Requirement: Below are the entries; give again exactly the lines from the one mentioning "Welcome to your" through the one mentioning "We modeled the", inclusive.

Data entries:
-*-*-

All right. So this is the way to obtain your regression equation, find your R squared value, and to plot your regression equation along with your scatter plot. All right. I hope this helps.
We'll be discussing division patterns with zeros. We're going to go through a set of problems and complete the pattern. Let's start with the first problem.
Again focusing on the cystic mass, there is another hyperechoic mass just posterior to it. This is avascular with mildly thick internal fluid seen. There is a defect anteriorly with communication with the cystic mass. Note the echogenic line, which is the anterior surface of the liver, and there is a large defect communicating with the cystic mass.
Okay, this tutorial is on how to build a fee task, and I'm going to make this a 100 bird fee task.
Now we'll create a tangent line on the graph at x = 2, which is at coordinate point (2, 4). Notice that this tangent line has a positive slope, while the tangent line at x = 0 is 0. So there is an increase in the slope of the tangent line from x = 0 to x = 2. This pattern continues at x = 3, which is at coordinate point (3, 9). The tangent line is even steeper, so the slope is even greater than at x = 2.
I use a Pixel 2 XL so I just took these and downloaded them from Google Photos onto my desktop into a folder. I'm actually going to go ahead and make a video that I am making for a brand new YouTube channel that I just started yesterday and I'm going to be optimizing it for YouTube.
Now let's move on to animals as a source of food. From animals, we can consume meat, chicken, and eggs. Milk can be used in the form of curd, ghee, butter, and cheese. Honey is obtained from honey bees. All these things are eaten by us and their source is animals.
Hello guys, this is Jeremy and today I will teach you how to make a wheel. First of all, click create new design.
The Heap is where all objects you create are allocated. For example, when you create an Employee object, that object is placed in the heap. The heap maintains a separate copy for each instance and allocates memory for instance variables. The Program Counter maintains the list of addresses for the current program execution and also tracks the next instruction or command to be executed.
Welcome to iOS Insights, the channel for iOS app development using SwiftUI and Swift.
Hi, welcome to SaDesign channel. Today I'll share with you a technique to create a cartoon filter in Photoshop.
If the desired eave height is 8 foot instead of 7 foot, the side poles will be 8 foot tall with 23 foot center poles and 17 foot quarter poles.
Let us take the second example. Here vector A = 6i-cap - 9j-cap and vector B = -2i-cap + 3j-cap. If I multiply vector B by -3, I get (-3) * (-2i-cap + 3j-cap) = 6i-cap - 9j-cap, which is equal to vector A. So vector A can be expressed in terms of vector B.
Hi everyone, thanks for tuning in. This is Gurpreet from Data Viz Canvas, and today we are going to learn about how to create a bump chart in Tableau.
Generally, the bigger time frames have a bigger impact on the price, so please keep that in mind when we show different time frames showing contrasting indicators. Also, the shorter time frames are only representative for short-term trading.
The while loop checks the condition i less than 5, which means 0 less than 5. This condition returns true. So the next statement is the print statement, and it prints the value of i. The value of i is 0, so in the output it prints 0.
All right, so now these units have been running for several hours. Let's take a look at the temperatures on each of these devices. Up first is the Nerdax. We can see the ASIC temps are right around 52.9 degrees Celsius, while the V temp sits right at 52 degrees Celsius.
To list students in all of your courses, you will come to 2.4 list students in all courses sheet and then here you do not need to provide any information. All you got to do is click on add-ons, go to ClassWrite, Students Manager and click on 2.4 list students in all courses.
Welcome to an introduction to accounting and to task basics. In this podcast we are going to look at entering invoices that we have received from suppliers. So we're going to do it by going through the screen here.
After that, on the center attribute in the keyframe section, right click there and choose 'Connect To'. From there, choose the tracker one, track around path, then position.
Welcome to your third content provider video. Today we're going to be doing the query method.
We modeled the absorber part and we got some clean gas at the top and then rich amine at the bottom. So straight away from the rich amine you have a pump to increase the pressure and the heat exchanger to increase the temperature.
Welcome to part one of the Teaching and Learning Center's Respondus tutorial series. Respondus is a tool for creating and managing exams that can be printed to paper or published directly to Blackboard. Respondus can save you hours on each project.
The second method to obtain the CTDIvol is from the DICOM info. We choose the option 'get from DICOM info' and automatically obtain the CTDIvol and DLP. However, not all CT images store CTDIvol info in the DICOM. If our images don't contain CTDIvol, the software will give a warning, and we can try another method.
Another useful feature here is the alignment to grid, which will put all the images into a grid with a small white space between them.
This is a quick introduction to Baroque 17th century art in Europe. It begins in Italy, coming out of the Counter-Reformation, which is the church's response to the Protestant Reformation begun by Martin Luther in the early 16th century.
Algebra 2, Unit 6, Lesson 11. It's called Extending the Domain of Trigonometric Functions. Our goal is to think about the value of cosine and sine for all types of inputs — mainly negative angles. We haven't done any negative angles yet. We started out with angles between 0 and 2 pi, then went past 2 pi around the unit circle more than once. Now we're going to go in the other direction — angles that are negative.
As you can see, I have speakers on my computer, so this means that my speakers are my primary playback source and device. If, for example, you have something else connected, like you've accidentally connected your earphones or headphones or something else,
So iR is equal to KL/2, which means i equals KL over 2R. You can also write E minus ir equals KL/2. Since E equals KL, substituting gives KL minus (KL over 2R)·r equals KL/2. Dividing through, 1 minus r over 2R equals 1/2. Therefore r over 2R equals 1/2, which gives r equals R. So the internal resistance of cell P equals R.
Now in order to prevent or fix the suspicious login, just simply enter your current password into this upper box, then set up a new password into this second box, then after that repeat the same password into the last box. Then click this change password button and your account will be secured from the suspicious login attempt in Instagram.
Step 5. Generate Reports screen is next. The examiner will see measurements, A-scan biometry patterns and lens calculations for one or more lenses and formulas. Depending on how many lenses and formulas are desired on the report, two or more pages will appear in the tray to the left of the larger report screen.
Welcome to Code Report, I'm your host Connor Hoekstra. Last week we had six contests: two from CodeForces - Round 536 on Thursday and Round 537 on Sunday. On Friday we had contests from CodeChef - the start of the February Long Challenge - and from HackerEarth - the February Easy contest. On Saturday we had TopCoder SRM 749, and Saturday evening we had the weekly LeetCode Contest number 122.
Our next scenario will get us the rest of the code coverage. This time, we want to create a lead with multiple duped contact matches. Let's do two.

-*-*-

Solved exercise:
Welcome to your third content provider video. Today we're going to be doing the query method.
We modeled the absorber part and we got some clean gas at the top and then rich amine at the bottom. So straight away from the rich amine you have a pump to increase the pressure and the heat exchanger to increase the temperature.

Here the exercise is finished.